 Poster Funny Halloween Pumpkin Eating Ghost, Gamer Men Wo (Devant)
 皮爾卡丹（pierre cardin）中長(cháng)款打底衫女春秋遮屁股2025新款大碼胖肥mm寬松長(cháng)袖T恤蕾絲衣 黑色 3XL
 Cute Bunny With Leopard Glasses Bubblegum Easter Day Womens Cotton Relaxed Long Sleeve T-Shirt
...
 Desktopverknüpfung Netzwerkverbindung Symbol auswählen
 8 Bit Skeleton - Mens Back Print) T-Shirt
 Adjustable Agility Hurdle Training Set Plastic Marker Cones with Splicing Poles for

### Task statement
All lines above from the one with "8 Bit Skeleton - Mens Back Print) T-Shirt" to the one with "Adjustable Agility Hurdle", inclusive, should be copied exactly, and no other lines.

### Response for this exercise
 8 Bit Skeleton - Mens Back Print) T-Shirt
 Adjustable Agility Hurdle Training Set Plastic Marker Cones with Splicing Poles for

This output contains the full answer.